PWV is another important index used to evaluate the stiffness of arteries. It was reported that BPS has a beneficial effect on reducing the PWV in patients with T2DM [27]. In the present study, both groups did not differ significantly in the changes of the PWV at the end of the follow-up when compared to the baseline. As PWV was largely influenced by age, gender, blood glucose, serum lipid, blood pressure, and ABI, we suggested that the variation of the demographic data in different studies might be a reasonable explanation of the different results.

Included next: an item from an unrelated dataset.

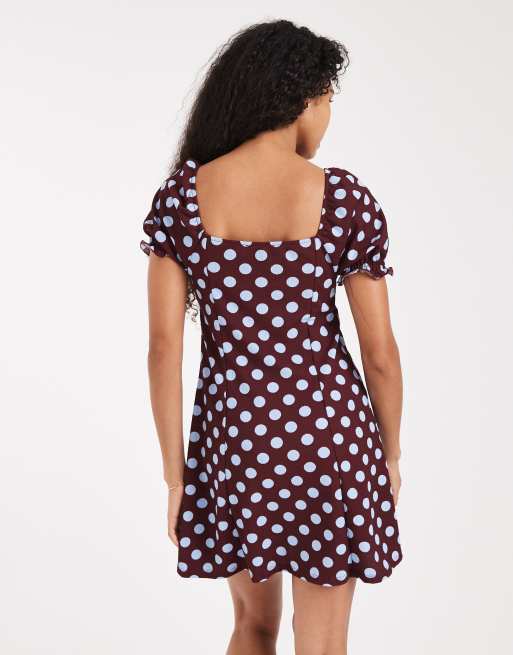 New Look – Minikleid im Milchmädchen-Stil in Rot mit Polka Dots und Knitterstruktur, 4 von 4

Aspirin is an inhibitor of COX-1, which has the effect of antiplatelet by blocking the cascade reaction of arachidonic acid and by preventing the production of TXA2 [28]. As we mentioned before, BPS binds with PGI2 receptor and has a potent cAMP-mediated inhibitory effect on platelet aggregation. The mechanisms of aspirin and beraprost sodium are different, and a previous study has proven that combined therapy of these two drugs would not increase the risk of bleeding [29]. In the present study, the combined therapy of BPS and aspirin did not increase the risk of hemorrhage and other adverse events, such as cardiovascular events and gastrointestinal adverse, when compared to the aspirin group. Thus, we suggested that the combined therapy of BPS and aspirin is safe.

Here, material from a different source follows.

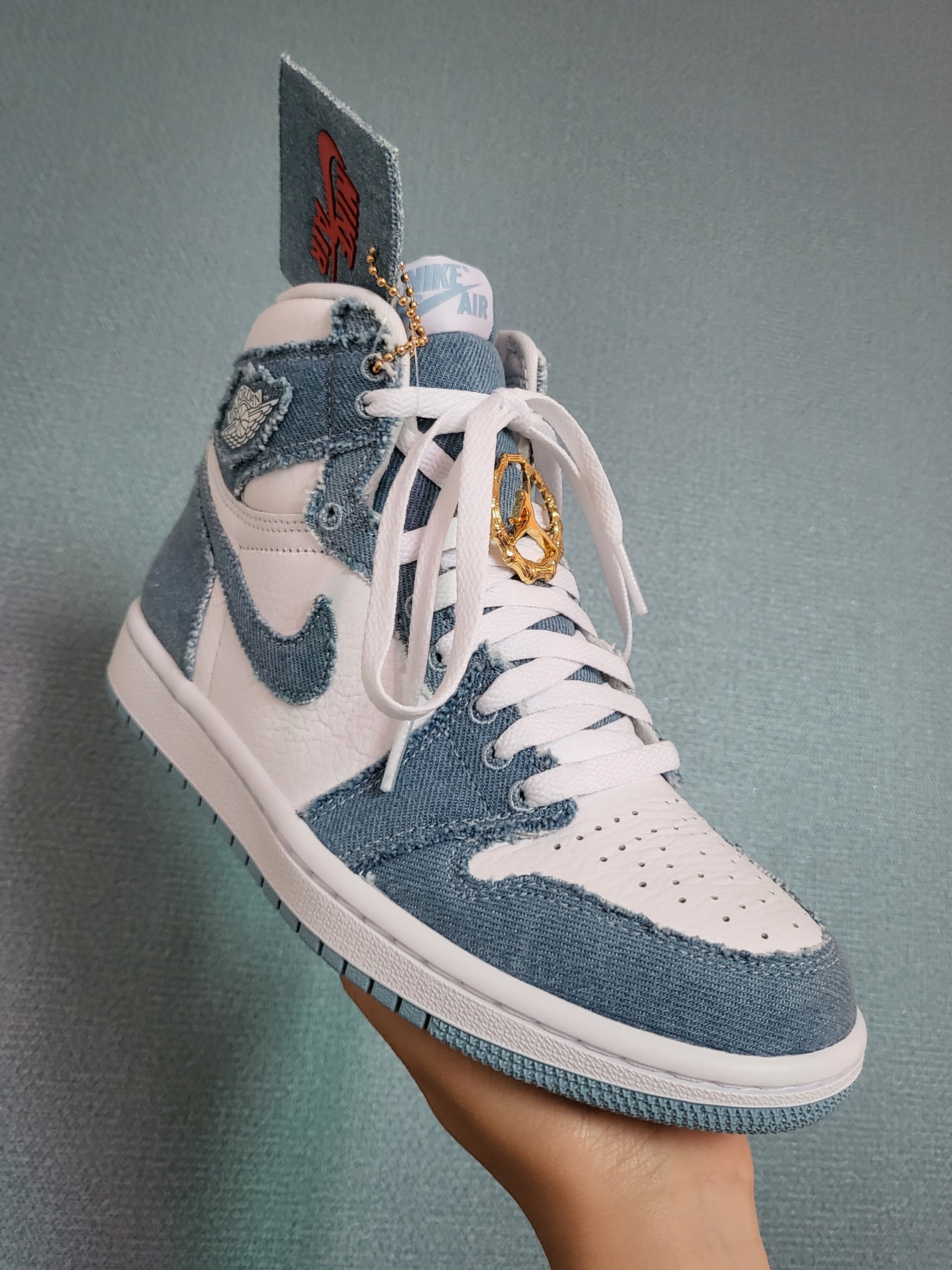 (W) Jordan 1 Retro High OG Denim 착용 스타일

This study was subjected to some limitations. Firstly, it was a single-center study with a small scale. Nonetheless, the findings are compelling and consistent with previous reports and the demographic data of the baseline and the last visit were comparable between the two groups. Correspondently, we believed that the conclusion of the present study is rather reliable. Secondly, patients were randomly assigned to treatment groups, but they were not treated in a blinded manner. Furthermore, we didn’t provide the specific PAD stage of each patient as well as the data of Ca and P. Lastly, we could not create a blank control group, as it was rejected by the institutional review board of our hospital. The exact effect of BPS on the prevention of arteries occlusion and stiffness in T2DM patients with PAD might be confounded by aspirin.

Conclusion

Combined therapy of BPS and aspirin showed a protective effect on arteries occlusion and stiffness in patients with T2DM, with significant improvement of inner artery diameter and MAC in lower limbs. The combined therapy was also safe in those patients with favorable tolerance. Future study is needed for further exploration of the exact mechanisms.